━━━ DATA EXCERPTS
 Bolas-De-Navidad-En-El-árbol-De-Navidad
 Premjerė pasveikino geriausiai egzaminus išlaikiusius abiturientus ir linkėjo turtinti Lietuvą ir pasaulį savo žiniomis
━━━━━━
━━━ DATA EXCERPTS
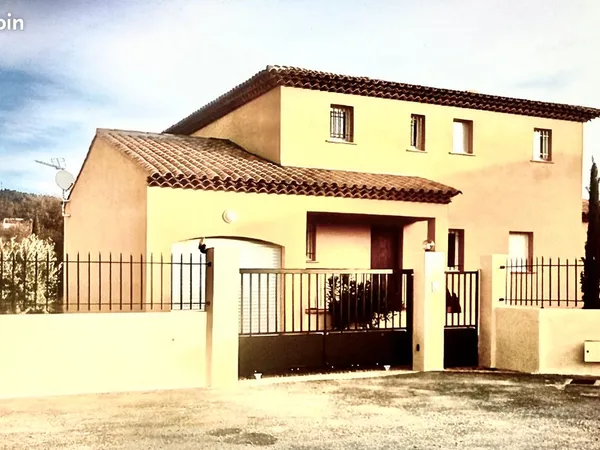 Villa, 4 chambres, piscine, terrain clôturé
━━━━━━
- **WHAT TO DO**
Would you print, exactly as written, every line above from the one holding "Bolas-De-Navidad-En-El-árbol-De-Navidad" through the one holding "Premjerė pasveikino geriausiai", with both included and no other lines?

- **TASK RESPONSE**
 Bolas-De-Navidad-En-El-árbol-De-Navidad
 Premjerė pasveikino geriausiai egzaminus išlaikiusius abiturientus ir linkėjo turtinti Lietuvą ir pasaulį savo žiniomis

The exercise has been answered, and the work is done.